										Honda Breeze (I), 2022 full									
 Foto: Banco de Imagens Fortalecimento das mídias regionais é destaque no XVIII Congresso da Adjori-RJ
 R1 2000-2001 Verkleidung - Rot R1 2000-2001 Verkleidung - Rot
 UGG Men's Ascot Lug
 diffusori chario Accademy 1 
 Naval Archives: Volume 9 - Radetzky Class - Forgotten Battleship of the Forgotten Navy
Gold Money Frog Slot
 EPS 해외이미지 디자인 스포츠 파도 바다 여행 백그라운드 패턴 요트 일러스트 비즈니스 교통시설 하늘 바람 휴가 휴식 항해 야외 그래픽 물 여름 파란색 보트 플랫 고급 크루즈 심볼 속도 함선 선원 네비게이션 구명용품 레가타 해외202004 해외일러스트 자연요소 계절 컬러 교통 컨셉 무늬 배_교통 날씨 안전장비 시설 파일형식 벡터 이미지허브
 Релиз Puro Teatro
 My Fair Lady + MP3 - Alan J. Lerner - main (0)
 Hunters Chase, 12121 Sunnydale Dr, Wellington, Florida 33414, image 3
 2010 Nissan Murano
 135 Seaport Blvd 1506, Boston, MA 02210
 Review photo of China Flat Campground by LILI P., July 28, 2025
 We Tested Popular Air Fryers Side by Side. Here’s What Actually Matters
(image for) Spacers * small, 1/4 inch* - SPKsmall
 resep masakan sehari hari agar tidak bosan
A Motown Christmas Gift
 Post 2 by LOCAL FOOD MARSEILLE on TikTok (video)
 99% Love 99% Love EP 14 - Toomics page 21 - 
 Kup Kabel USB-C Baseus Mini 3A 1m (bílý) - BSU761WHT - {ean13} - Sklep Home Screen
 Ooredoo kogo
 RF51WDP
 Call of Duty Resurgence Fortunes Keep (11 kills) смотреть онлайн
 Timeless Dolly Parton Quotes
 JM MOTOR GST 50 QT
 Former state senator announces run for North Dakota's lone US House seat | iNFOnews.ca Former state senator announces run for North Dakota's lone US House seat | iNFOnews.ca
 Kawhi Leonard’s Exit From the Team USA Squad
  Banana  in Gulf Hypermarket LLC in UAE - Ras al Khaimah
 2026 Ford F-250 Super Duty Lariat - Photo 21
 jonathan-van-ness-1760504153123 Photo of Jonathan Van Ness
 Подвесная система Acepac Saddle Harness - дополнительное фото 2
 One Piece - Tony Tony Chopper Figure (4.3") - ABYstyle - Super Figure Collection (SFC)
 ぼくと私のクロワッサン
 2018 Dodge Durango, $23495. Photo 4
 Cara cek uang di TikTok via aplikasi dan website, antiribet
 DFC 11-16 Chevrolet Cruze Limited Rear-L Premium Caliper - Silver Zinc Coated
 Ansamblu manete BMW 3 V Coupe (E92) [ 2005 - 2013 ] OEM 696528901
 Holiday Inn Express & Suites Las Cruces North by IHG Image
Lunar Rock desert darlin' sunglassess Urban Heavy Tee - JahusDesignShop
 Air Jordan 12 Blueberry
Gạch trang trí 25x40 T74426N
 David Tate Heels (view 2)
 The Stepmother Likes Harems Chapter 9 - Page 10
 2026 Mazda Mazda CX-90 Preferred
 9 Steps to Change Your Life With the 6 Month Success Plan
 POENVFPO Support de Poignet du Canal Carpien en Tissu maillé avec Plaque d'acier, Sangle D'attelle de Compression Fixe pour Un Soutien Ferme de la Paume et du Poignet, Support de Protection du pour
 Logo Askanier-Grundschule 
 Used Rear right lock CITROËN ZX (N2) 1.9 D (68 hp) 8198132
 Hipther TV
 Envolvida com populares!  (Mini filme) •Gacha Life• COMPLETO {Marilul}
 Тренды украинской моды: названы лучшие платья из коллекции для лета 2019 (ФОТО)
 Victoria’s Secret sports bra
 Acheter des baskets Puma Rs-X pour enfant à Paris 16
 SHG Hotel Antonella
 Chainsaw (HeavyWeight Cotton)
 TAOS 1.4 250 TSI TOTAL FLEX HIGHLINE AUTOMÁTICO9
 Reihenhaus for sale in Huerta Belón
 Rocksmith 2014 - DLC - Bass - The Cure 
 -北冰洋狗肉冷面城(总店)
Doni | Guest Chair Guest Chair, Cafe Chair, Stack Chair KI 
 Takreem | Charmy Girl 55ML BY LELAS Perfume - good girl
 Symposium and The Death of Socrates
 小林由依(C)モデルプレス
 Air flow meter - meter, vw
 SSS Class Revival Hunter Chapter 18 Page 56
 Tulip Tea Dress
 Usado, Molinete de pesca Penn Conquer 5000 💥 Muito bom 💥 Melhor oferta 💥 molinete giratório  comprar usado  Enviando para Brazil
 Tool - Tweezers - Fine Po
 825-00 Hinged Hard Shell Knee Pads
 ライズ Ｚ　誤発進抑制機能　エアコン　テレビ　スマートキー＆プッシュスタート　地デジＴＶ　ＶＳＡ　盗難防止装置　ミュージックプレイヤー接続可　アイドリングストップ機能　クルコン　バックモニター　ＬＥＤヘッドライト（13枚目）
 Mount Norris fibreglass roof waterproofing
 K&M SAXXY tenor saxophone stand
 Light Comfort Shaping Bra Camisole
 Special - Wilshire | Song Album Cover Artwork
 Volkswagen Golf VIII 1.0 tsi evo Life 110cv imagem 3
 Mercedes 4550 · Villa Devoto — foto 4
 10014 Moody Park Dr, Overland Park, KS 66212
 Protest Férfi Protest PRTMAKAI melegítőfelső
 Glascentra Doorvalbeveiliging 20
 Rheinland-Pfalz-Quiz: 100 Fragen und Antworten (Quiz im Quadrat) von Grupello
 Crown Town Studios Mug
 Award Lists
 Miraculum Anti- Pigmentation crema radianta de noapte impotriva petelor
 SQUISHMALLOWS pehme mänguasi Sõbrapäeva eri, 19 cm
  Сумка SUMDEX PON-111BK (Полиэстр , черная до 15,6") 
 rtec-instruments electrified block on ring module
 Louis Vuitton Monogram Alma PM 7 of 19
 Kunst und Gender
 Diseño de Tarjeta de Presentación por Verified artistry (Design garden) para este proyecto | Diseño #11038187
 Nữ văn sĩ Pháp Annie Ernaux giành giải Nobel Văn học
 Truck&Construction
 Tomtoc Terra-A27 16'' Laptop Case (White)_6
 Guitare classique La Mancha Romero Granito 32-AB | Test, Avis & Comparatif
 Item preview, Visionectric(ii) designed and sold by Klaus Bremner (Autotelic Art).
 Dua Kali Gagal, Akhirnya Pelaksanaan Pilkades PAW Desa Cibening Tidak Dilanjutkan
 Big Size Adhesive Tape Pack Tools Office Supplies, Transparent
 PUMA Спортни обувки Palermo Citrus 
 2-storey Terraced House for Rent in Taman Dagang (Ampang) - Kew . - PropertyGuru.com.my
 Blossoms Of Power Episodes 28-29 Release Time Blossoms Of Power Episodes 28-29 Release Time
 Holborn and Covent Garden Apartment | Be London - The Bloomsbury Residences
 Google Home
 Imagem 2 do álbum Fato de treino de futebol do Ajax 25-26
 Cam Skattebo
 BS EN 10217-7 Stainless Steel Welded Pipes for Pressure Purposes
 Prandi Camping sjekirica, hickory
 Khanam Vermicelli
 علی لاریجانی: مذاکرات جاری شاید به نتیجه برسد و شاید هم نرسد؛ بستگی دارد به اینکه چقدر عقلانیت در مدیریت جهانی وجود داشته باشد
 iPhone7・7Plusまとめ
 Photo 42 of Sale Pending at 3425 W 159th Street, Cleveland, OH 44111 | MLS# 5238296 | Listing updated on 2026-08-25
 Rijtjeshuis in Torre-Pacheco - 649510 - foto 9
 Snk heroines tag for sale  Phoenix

--- --- ---

Task details:
In the entries above, restate word for word the lines between the one holding "Mercedes 4550 · Villa Devoto — foto 4" and the one holding "Dua Kali Gagal, Akhirnya", inclusive, and nothing besides.

Response to the exercise:
 Mercedes 4550 · Villa Devoto — foto 4
 10014 Moody Park Dr, Overland Park, KS 66212
 Protest Férfi Protest PRTMAKAI melegítőfelső
 Glascentra Doorvalbeveiliging 20
 Rheinland-Pfalz-Quiz: 100 Fragen und Antworten (Quiz im Quadrat) von Grupello
 Crown Town Studios Mug
 Award Lists
 Miraculum Anti- Pigmentation crema radianta de noapte impotriva petelor
 SQUISHMALLOWS pehme mänguasi Sõbrapäeva eri, 19 cm
  Сумка SUMDEX PON-111BK (Полиэстр , черная до 15,6") 
 rtec-instruments electrified block on ring module
 Louis Vuitton Monogram Alma PM 7 of 19
 Kunst und Gender
 Diseño de Tarjeta de Presentación por Verified artistry (Design garden) para este proyecto | Diseño #11038187
 Nữ văn sĩ Pháp Annie Ernaux giành giải Nobel Văn học
 Truck&Construction
 Tomtoc Terra-A27 16'' Laptop Case (White)_6
 Guitare classique La Mancha Romero Granito 32-AB | Test, Avis & Comparatif
 Item preview, Visionectric(ii) designed and sold by Klaus Bremner (Autotelic Art).
 Dua Kali Gagal, Akhirnya Pelaksanaan Pilkades PAW Desa Cibening Tidak Dilanjutkan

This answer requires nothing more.